Assim, por exemplo, durante anos o relativismo serviu de navio quebra-gelo para demolir as
resistências a propostas que, por sua vez, nada tinham de relativistas, que eram, ao contrário,
as mais absolutistas e intransigentes que se pode imaginar.
Note-se que é impossível discutir o relativismo em teoria sem subscrevê-lo ao menos em parte
e implicitamente: toda idéia que é aceita como objeto de refutação lógica adquire, ipso facto, o
estatuto de doutrina intelectualmente respeitável, digna de atenção acadêmica. Bombardear o
mundo acadêmico com um constante assalto relativista aos princípios e valores pode não
persuadir ninguém a endossar o relativismo doutrinal, mas habitua todo mundo a praticar, com
relação a ele, aquela quota de relativismo imprescindível a qualquer discussão. Com alguns
anos desse tratamento, o mais dogmático dos tradicionalistas está amestrado para entrar no
debate com menos disposição de vencê-lo que de provar que é “tolerante” e “aberto” – um
compromisso do qual seu oponente está automaticamente dispensado.
Em vez de discutir o relativismo, é preciso exigir do relativista as provas de que adere a essa
doutrina com sinceridade, de que concede aos dois lados o atenuante relativista em vez de
usá-lo somente como arma provisória para diluir as resistências do adversário e em seguida
impor a ele alguma exigência absolutista e intolerante, imunizada a priori contra qualquer
cobrança relativista.
Qualquer um pode perceber que gayzistas, feministas, abortistas e tutti quanti nunca teriam
espaço na sociedade se este não tivesse sido aberto antecipadamente pela invasão relativista,
mas que, na mesma medida, entram em campo livres de qualquer obrigação relativista e
armados do mais rígido absolutismo. Você conhece algum gayzista, feminista ou abortista
disposto a concordar que as exigências do seu grupo têm um valor apenas relativo, que as
crenças de seus adversários têm uma parcela de razão e devem ser tão respeitadas quanto as
dele? Já viu algum deles reconhecer ao menos em tese o direito de combater suas propostas
sem medo de represálias? No entanto, nenhum deles teria tido sequer a chance de ser ouvido
com atenção e respeito se a vanguarda relativista não tivesse antes minado a intransigência
dos seus adversários. Servem-se do relativismo como de uma gazua: quando a porta está
arrombada, mudam instantaneamente de conversa e tratam de condenar como crime qualquer
tentativa de relativizar a autoridade das suas exigências.

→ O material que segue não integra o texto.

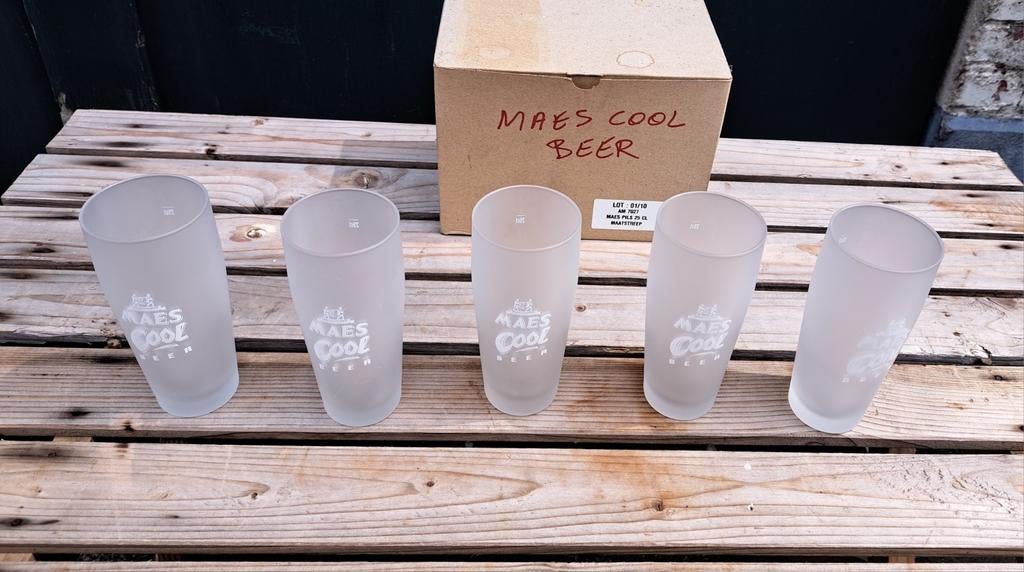 Glas glazen bierglazen, Antiek en Kunst, Ophalen of Verzenden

Para dizer a verdade, raramente ou nunca se vê um relativista genuíno, sincero, que continue
relativista quando isto já não convém à sua política, ou que conceda ao adversário as mesmas
salvaguardas relativistas sob as quais se abriga. Praticamente todo relativismo em circulação
hoje em dia é falso, é pura armadilha.
É estúpido perder tempo discutindo o conteúdo abstrato de uma teoria na qual seu porta-voz
mesmo não acredita, de uma teoria que ele simplesmente emprega como ferramenta provisória
para abrir caminho para um projeto político inteiramente diverso e até oposto. Se uma teoria é
apenas camuflagem, é óbvio que ela não tem nenhum conteúdo em si mesma, que seu único
sentido real é a proposta na qual pretende desembocar tão logo o adversário abra a guarda.

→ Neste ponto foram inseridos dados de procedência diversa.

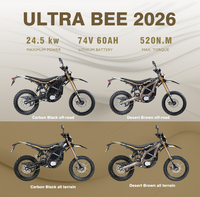 Stock 2026 ultra Bee surron E Bike 74v 60Ah Charge rapide 2026 ultra Bee 24.5kw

Nesses casos, a coisa inteligente a fazer é recusar peremptoriamente o debate nos termos em
que o espertalhão o coloca e, em vez disso, desmascarar logo a proposta política subjacente,
junto com o ardil que a prepara e camufla.

É claro que a passagem do rodeio relativista à exigência totalitária não é repentina, mas
sempre gradual e, idealmente, insensível. Mas, quando o processo se completa, é tarde para
denunciar retroativamente a desconversa relativista que o preparou.